Restate the data below word for word, omitting pictures.

DATASET EXCERPT:
····················

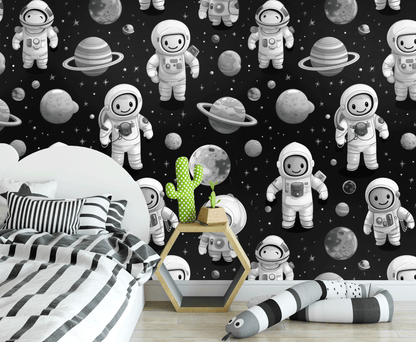 Night Moon Astro Mural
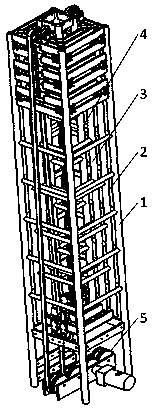 Aerial work conveying scaling ladder device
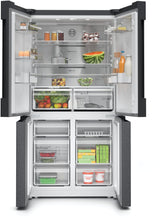 Bosch Serie 6 KFN96AXEA side-by-side køle-fryseskab Fritstående 605 L Sort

····················

REPLY:
 Night Moon Astro Mural
 Aerial work conveying scaling ladder device
 Bosch Serie 6 KFN96AXEA side-by-side køle-fryseskab Fritstående 605 L Sort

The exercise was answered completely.